When I was a school board member, I was rather mute on topics dealing with educational issues. I did not want people to think that my personal opinion in any way was that of the whole board or the board as a whole. Now that my term is over and I am back to being a constituent, I feel a bit more at ease discussing education issues on this blog.
Common core has been coming for several years. The district I live in began to implement it a year prior to the state requiring common core in the elementary levels. If nothing else, one thing I learned while a board of education member was if you are positive a change is coming, jump on it early. Eventually – at least in NYS, the change will be forced on you. Better to have time to implement than to not.
This past spring saw the culmination of a year of new assessments. I want to point out a few things. Student learning objectives (SLOs) are basically assessments. State testing is an assessment.
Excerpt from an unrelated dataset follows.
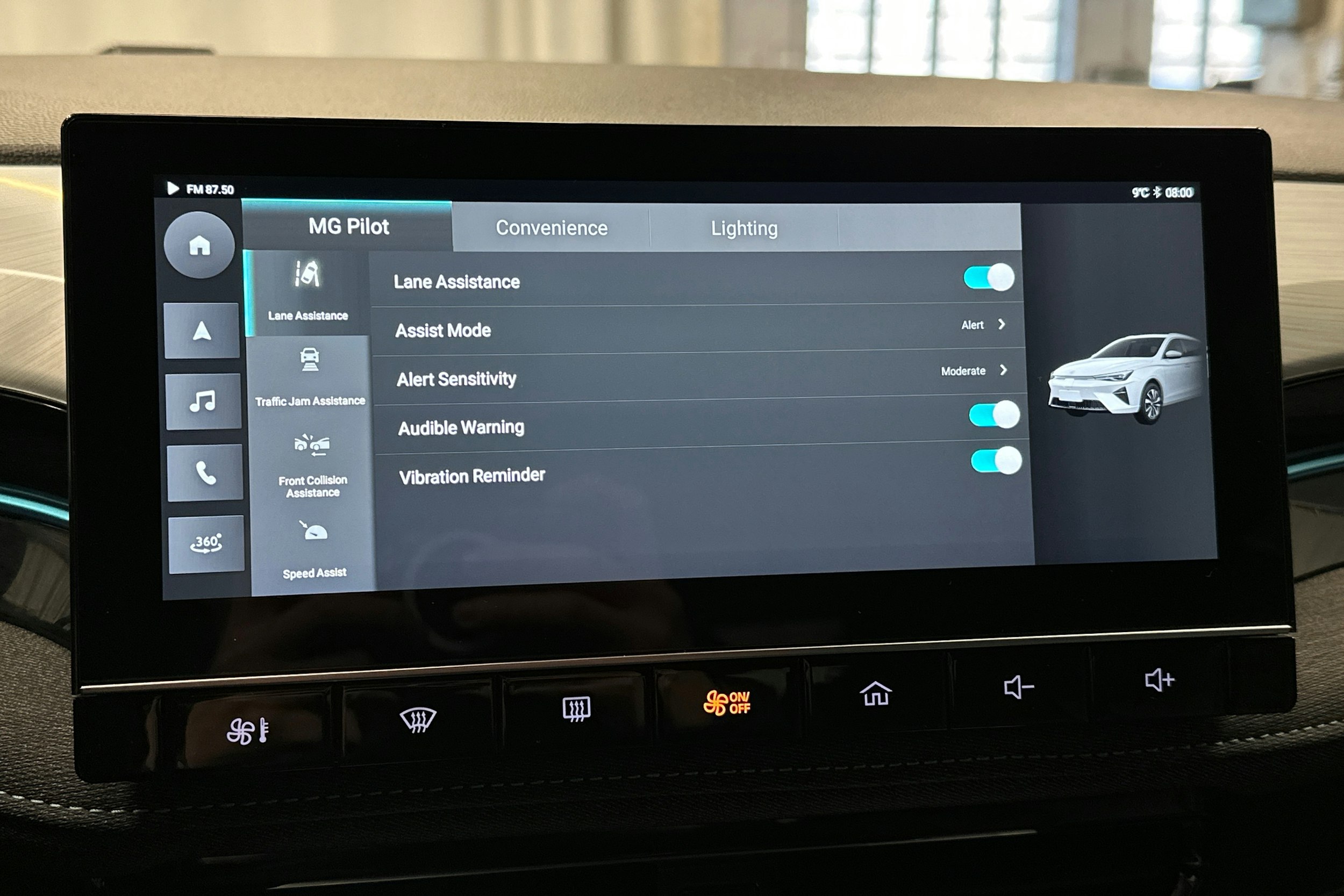 harmaa MG MG5 2022 kuva 24.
Quarterly tests to see progress, pre-tests and post-tests are all assessments. Some of these tools are including in grades for the students for a particular course. Some are not. At the elementary and middle school levels, state standardized tests are not part of students’ grades. They are used to measure a particular student’s proficiency of curriculum items. One school district may get through the entire second grade state curriculum with time to reinforce topics. Another district may struggle to hit all topics. Consequently, a state test is based on what the state says should be taught in particular curriculum. The results from such tests are a continuum of proficiency.
NYS Education Department released the grades 3-8 state assessment results for Math and English Language Art (ELA) from spring of 2013 today. I have a close to 2000 page pdf to prove it. The results, as any school district worth its salt has been telling constituents, were bound to be lower. Why, you may ask?
This year is the first year that the state assessments coincided with Common Core. The tests were more stringent than in previous years. This is not the first year that tests scores have dropped, though. Remember back 2-3 years ago. No saw coming what happened that year. The state supplied the assessments. Students took the tests. The state changed the grading scale. Numbers that would have been proficient in years past were no longer. In hindsight, the state did everyone a favor by doing this. People should be able to live with the scores from this year’s assessments.
Things to remember if you are a parent or concerned taxpayer
- State assessments are not, at the grades 3-8 levels, part of students’ grades in the course work.
- Common core will be more difficult but is meant to give our students what they need for 21st century education and work.
- A number on an assessment, like a number on the scale, does not define a student, a teacher, a particular class, a grade of students, a school, or a district.
- Stretching one’s abilities helps make a person reach further.
Did your children, or children you teach, take common core based assessments this year? Did they do better or worse than in previous years?